(Dataset entries)
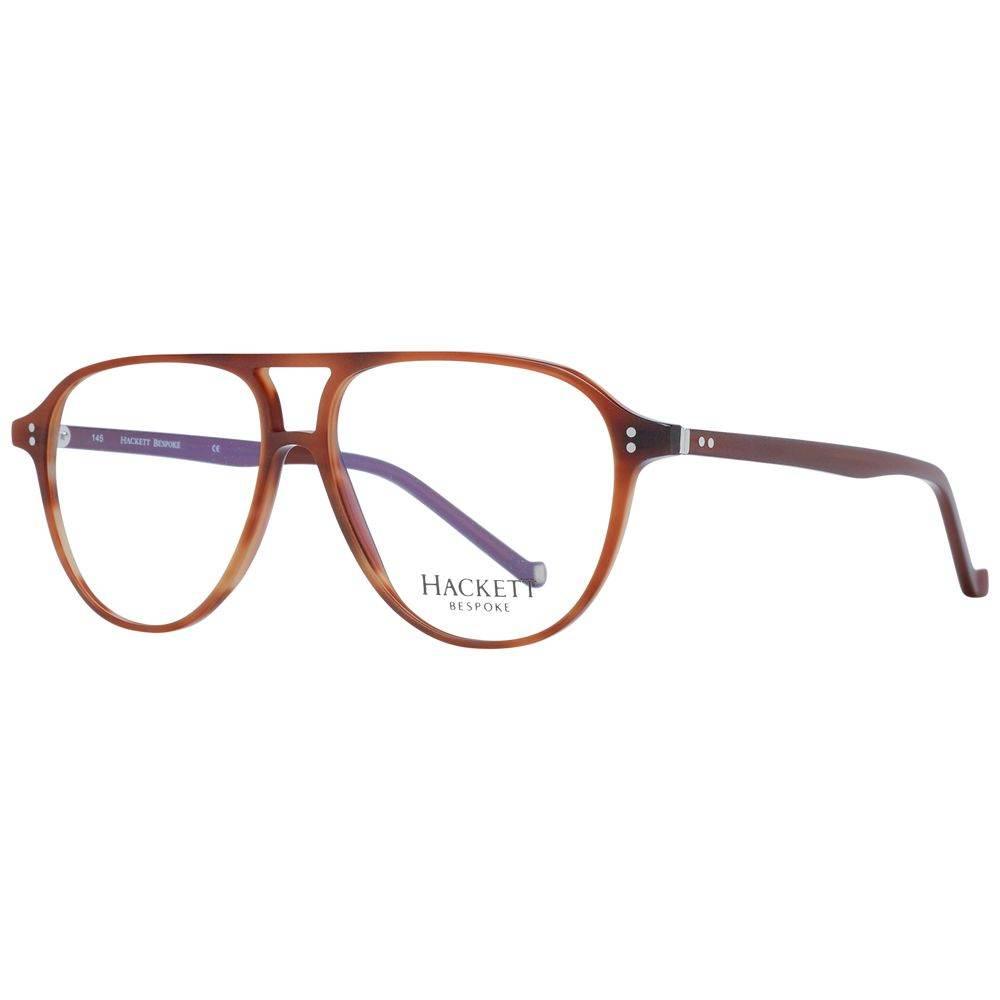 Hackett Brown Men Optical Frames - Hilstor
==
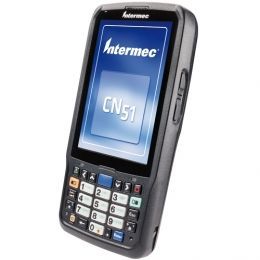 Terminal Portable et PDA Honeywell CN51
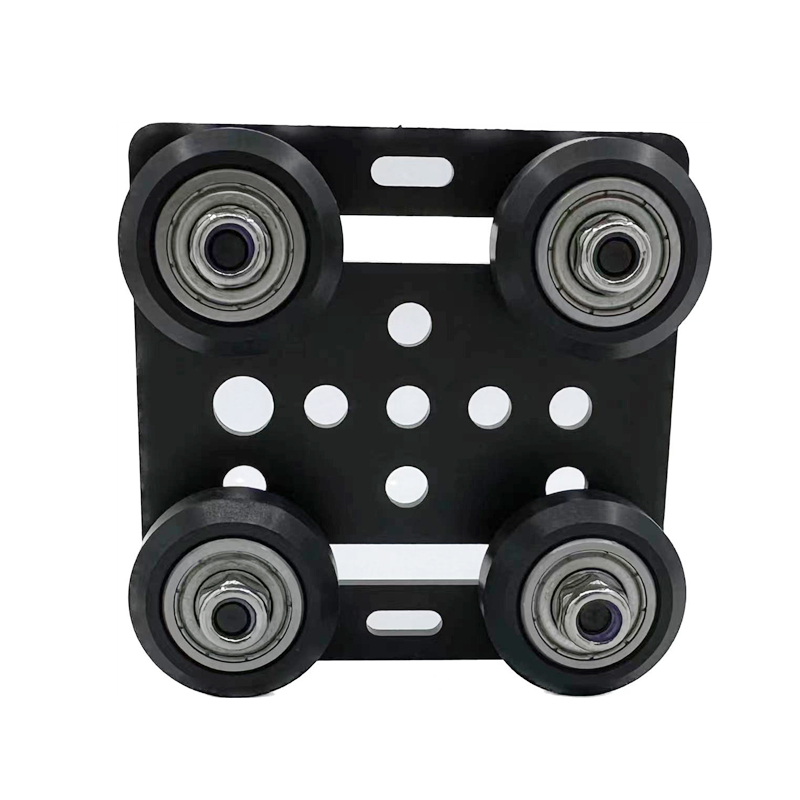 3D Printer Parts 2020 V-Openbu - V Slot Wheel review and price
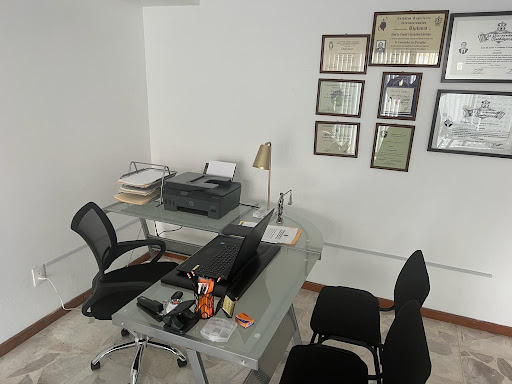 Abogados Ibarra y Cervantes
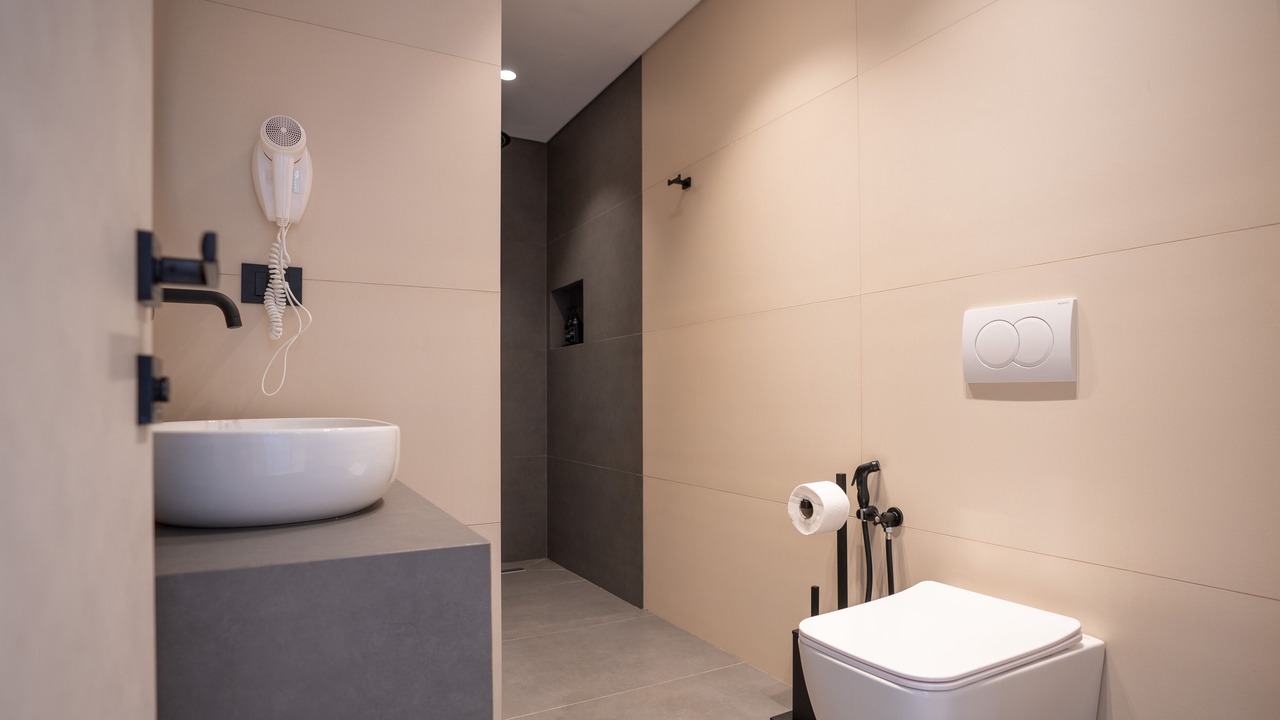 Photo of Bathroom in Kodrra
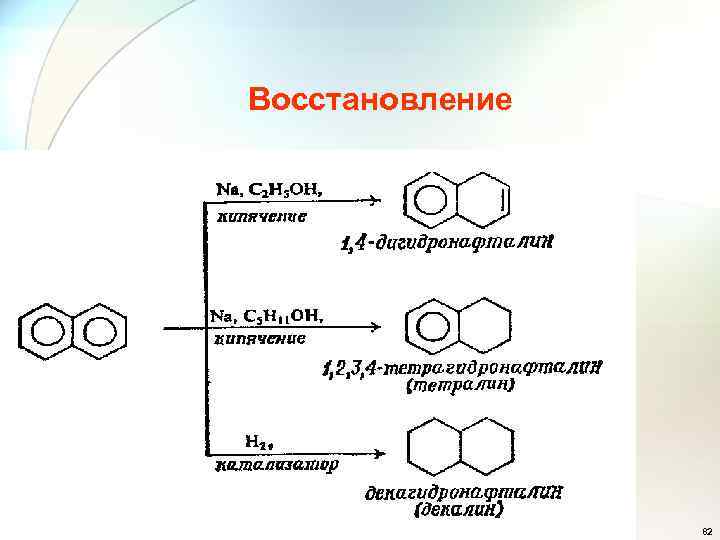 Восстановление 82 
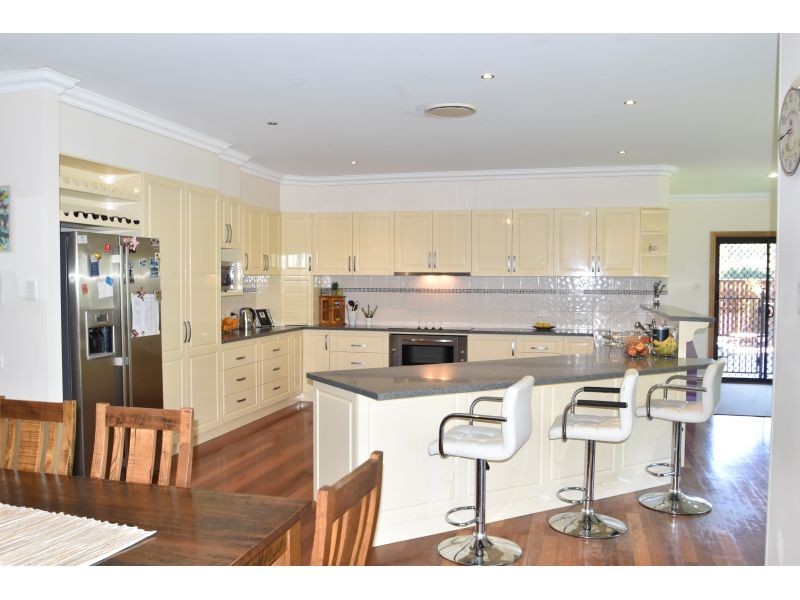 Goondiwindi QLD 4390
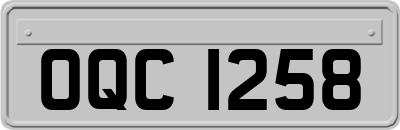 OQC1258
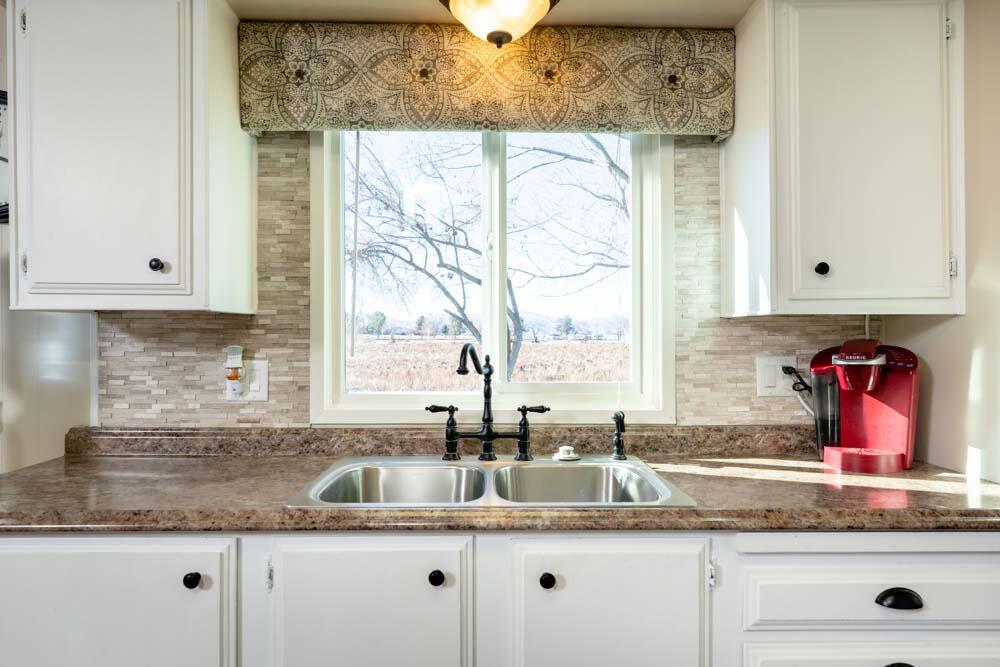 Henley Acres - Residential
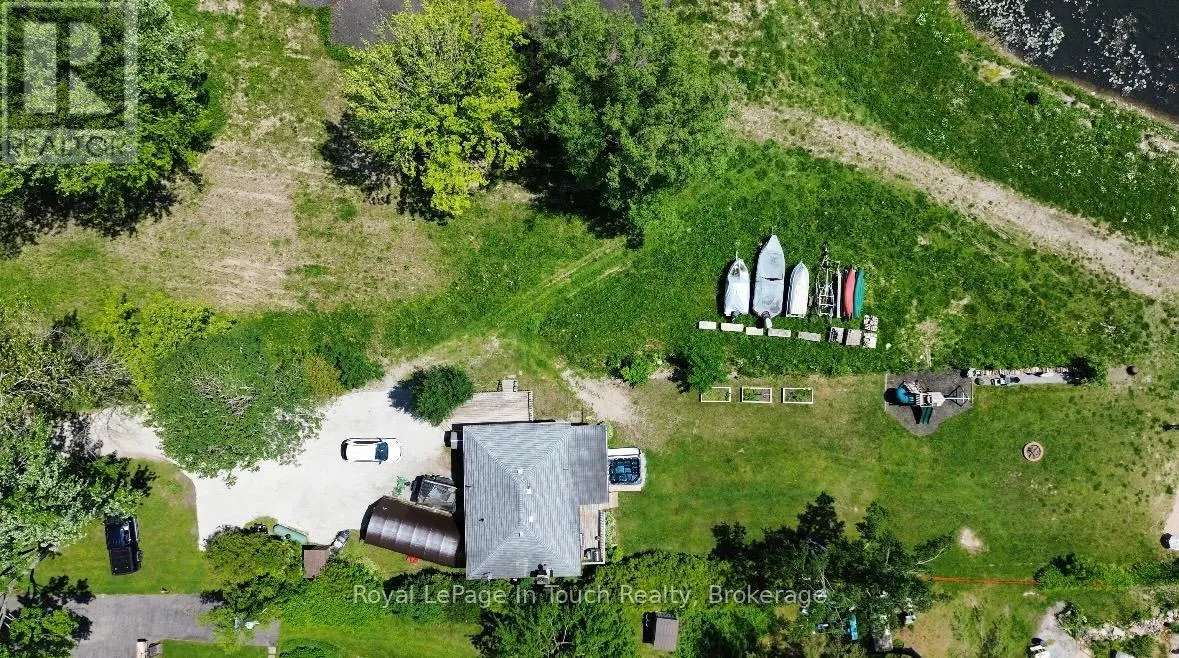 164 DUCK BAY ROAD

(Task requirements)
Print nothing except the lines above from the one containing "Abogados Ibarra y Cervantes" down to the one containing "164 DUCK BAY ROAD", both included, exactly as written and free of pictures.

(Solution to the problem)
 Abogados Ibarra y Cervantes
 Photo of Bathroom in Kodrra
 Восстановление 82 
 Goondiwindi QLD 4390
 OQC1258
 Henley Acres - Residential
 164 DUCK BAY ROAD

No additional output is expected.